* [Task to carry out]:
Return exactly the lines of the entries that start at the line containing "Atención a un" and continue to the last line. Omit the pictures.

* [Exercise data]:

########################################

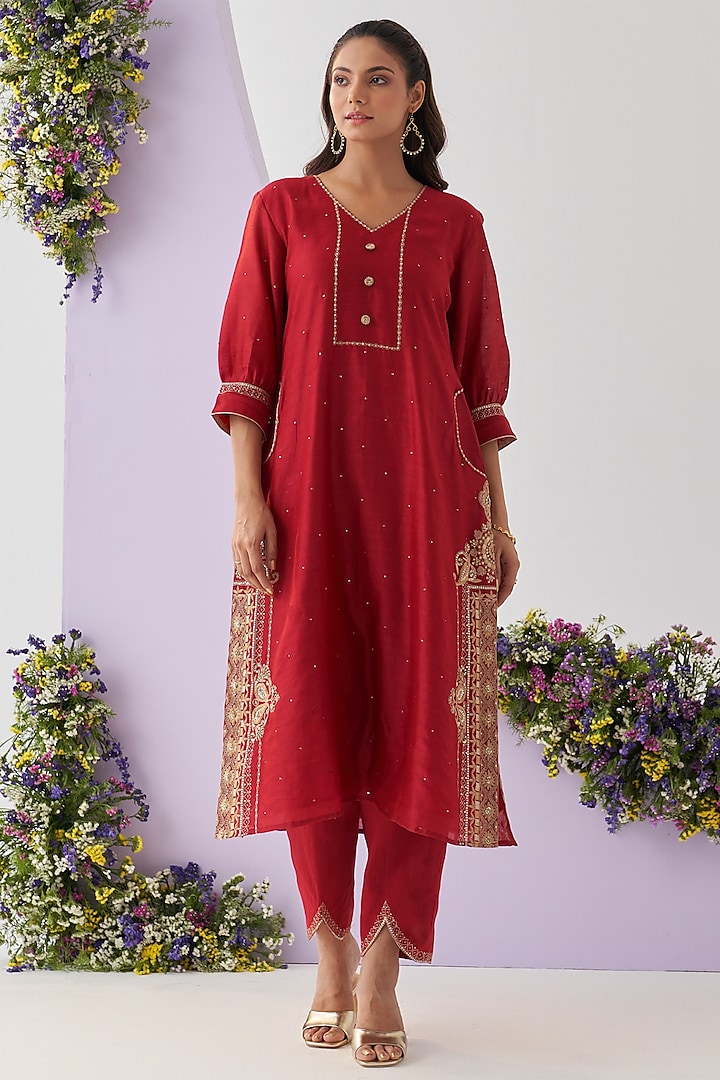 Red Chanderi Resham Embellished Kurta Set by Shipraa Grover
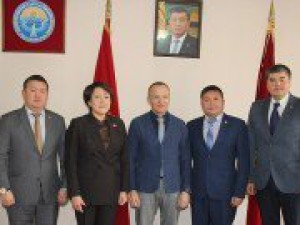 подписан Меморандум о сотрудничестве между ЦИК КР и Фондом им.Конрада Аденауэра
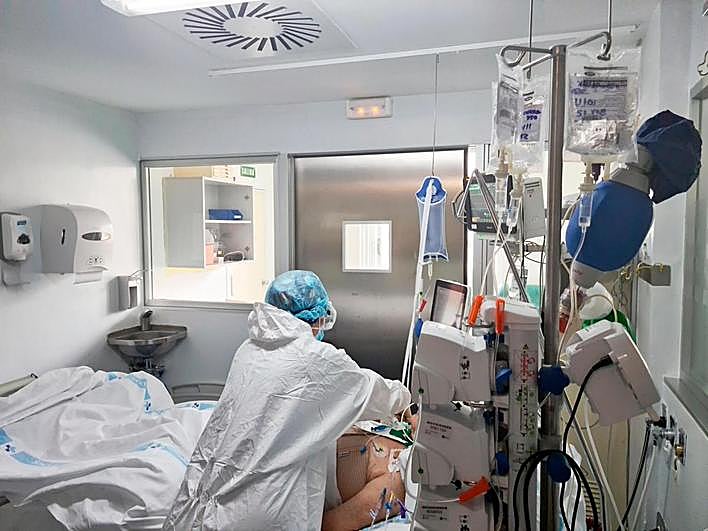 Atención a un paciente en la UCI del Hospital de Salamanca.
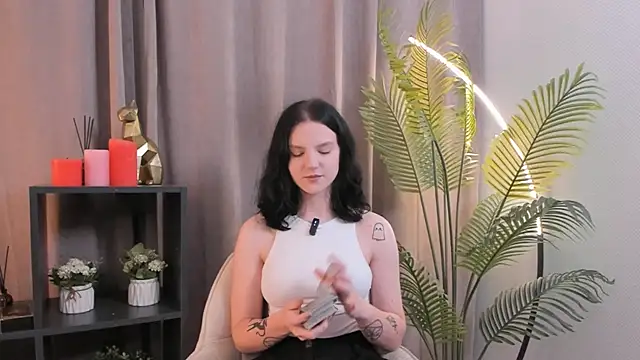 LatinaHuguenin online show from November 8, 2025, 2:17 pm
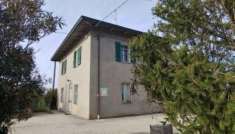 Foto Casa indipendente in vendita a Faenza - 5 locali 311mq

########################################

* [Answer section]:
 Atención a un paciente en la UCI del Hospital de Salamanca.
 LatinaHuguenin online show from November 8, 2025, 2:17 pm
 Foto Casa indipendente in vendita a Faenza - 5 locali 311mq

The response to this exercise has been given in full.